FaCeT Toolkit

FaCeT Toolkit

Visualizing Dynamic Distributions


One of the core applications of FaCeT is to provide stakeholders with an open-access online platform for map-based visualization and analysis of fishing fleets and fishery-relevant species distributions. Powered by dynamic predictive habitat models, stakeholders will be able to interactively access spatially predicted model output layers allowing users to explore the spatial dynamics of fisheries and species distributions and perform other relevant applications (e.g. habitat change, fishery-species interactions, etc.). FaCeT’s map-based dashboard will also provide a wide range of hindcasted and forecasted spatial layers that will allow users to capture baselines distribution patterns and assess how fishery and species distributions may shift in response to climate variability and projected climate change. Alongside mapped modeled projections, FaCeT will also host fishery-relevant satellite and data-assimilated environmental layers to help users visualize side-by-side the environmental changes affecting fishery and species distributions. In addition to long-term climatic changes, one of the key oceanographic changes that is already impacting species and vessel distributions is Marine Heat Waves (MHW). The FaCeT team is developing products that will help fisheries stakeholders identify the anomalous shifts in vessel distributions under MHW conditions and the impacts it can have on fisheries and coastal communities (e.g. travel distance and costs).

Tracking Velocity and Magnitude of 
Change

Important fishery resources are shifting their spatiotemporal distributions in response to climate-driven changes. However, species have not responded uniformly and observed distribution shifts have shown a wide range of directions and rates. Since fish populations and fishing fleets may also respond to climate change in divergent ways, accurately tracking species and fisheries spatial distribution shifts is necessary for stakeholders to understand how the changing climate is impacting or likely to impact productive fishing regions. As a result, in addition to map-based visualizations of model projections and environmental data to investigate past, current, and projected future ocean and fishery conditions, FaCeT will provide users dynamic time series graphs and spatial representations of distribution change metrics (i.e. habitat centroids and velocity / magnitude of change, habitat gain and loss). These data views will help stakeholders capture and track spatial distribution changes over timescales allowing users to see how current and future spatial patterns compare to historical spatiotemporal distributions.

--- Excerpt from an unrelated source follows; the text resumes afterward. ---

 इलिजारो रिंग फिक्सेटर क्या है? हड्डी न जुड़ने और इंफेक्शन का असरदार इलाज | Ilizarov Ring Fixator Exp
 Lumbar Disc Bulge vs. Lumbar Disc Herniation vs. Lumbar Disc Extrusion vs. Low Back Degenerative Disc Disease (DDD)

Changing Fishing Portfolios

Divergent distribution shifts between fishing fleets and targeted species in response to changing climate conditions can lead to economic disruptions if the portfolio of fishers catch becomes less diverse from targeted fish populations moving out of their fishing range. In an effort to better understand how fishing portfolios may change in the future, FaCeT users will be able to explore the spatiotemporal footprint of fishing activity in relation to target species distributions overtime. Forecasted and hincasted data layers from dynamic vessel distribution models (dVDMs) and species distribution models (dSDMs) can be overlaid, which will allow users to evaluate regions of fishery-species interactions and exploitation hotspots, and how it will change as fleet and target species shift their distributions in the future. Assessing such variations in fishery-species spatial interactions is a key requirement in developing management strategies that will support climate-readiness and resilience as these analyses can be used to estimate the potential fishery costs/benefits of climate change as well as provide guidance to how fisheries may have to adapt as climate impacts increase.

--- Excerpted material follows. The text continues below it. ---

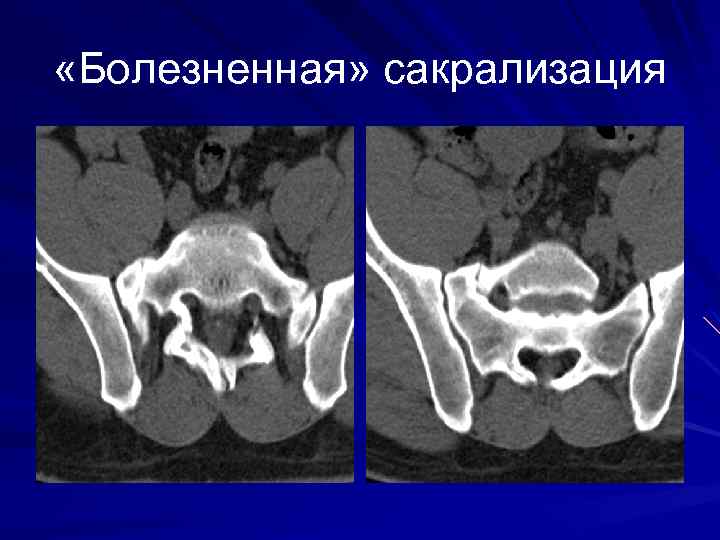  «Болезненная» сакрализация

Addressing and Communicating Uncertainty

Traditional decision-making processes for fisheries have relied on historical observations as good indicators of future states. These backward-looking approaches, however, are becoming increasingly problematic, supporting the need for forward-looking decision-making approaches which require models that can accurately predict species distributions under changing environmental conditions. Yet, our understanding of the predictive skill of predictive habitat models at near-term time scales (seasonal, annual, and multi-annual), which are more commonly aligned with many decision-making needs, remains limited. To help fill this knowledge gap, research conducted by the FaCeT team will be evaluating the near-term forecast skill of distribution models using a combination of simulated and real data from large marine ecosystems with unique responses to recent climate change. The project is also exploring whether dynamic distribution models built with “big data”, i.e., low resolution data from conventional tagging which is prevalent across ocean areas, helps account for or reduces the impact of uncertainty on model predictions. The results from this research will be made into a heuristic, visualization tools designed to improve how stakeholders and FaCeT users understand and interpret uncertainty in order to best support decision-making.